## Dataset excerpts:
#####

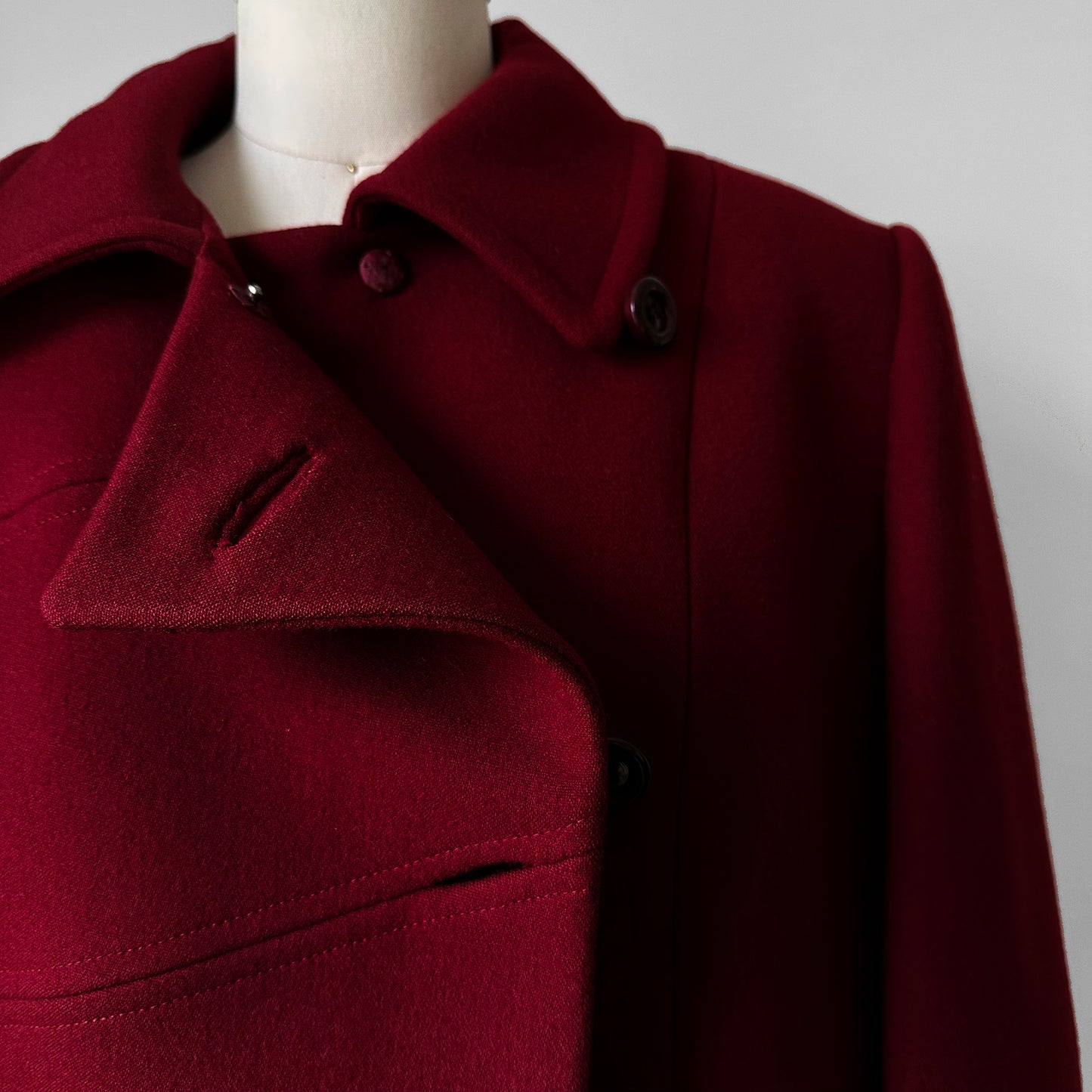 1960s Deep Wine Red Asymmetrical A-Line Midi-Length Heavy Wool Coat - S/M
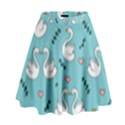 Elegant-swan-pattern-design High Waist Skirt View1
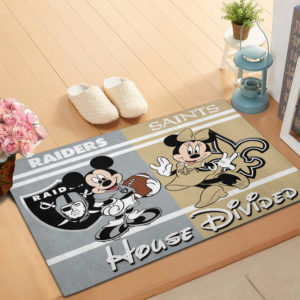 Oakland Raiders vs New Orleans Saints Mickey And Minnie Teams NFL House Divided Doormat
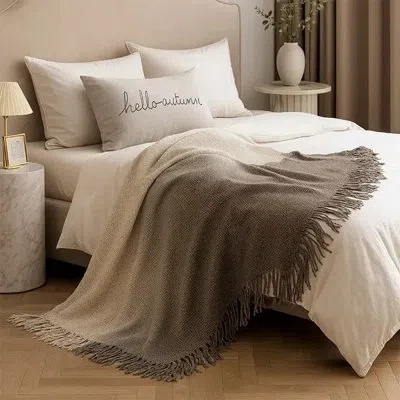 Fennco Styles Gradient Ombré Throw Blanket With Tassel Soft Woven Decorative Blanket 50" X 60" In Slate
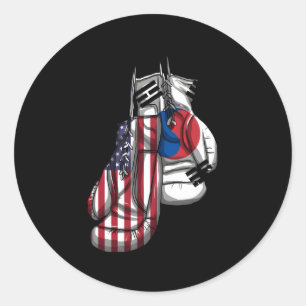 USA - Südkorea - Flag für gemischte DNA Runder Aufkleber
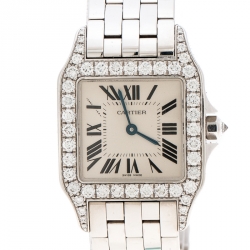 Pre Owned Cartier Diamond 18k White Gold Santos Demoiselle 2703 Women's Wristwatch 28MM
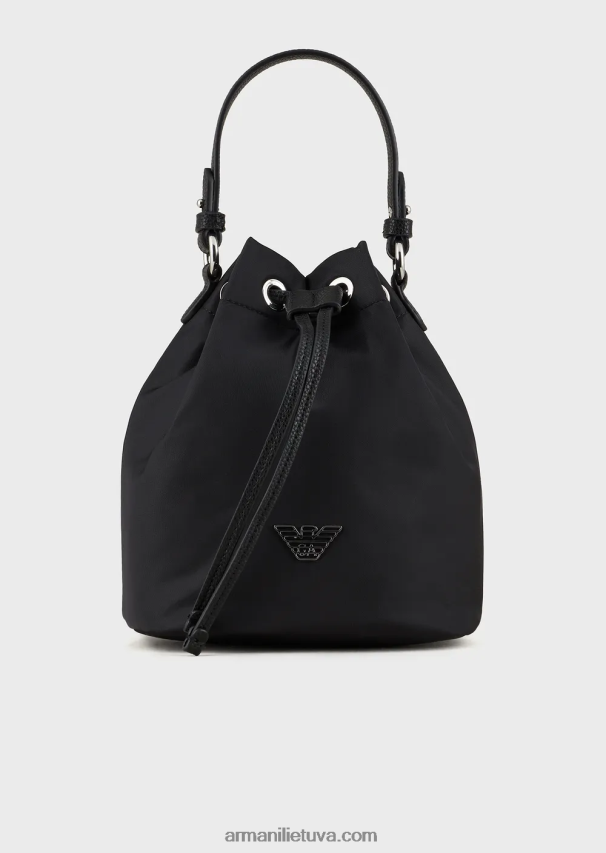 moterys juodas Armani Kelionių reikmenų perdirbtas nailoninis kibiras 02482X742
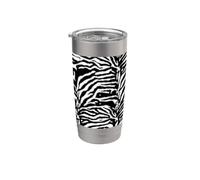 Zebra Camouflage Black and White Artistic Pattern Stainless Steel Insulated Tumbler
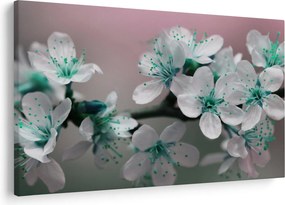 Tablou cu floare - turcoaz (90x60 cm)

#####

## To do:
Reproduce all of the data exactly, omitting each picture it holds.

## Response to this task:
 1960s Deep Wine Red Asymmetrical A-Line Midi-Length Heavy Wool Coat - S/M
 Elegant-swan-pattern-design High Waist Skirt View1
 Oakland Raiders vs New Orleans Saints Mickey And Minnie Teams NFL House Divided Doormat
 Fennco Styles Gradient Ombré Throw Blanket With Tassel Soft Woven Decorative Blanket 50" X 60" In Slate
 USA - Südkorea - Flag für gemischte DNA Runder Aufkleber
 Pre Owned Cartier Diamond 18k White Gold Santos Demoiselle 2703 Women's Wristwatch 28MM
 moterys juodas Armani Kelionių reikmenų perdirbtas nailoninis kibiras 02482X742
 Zebra Camouflage Black and White Artistic Pattern Stainless Steel Insulated Tumbler
 Tablou cu floare - turcoaz (90x60 cm)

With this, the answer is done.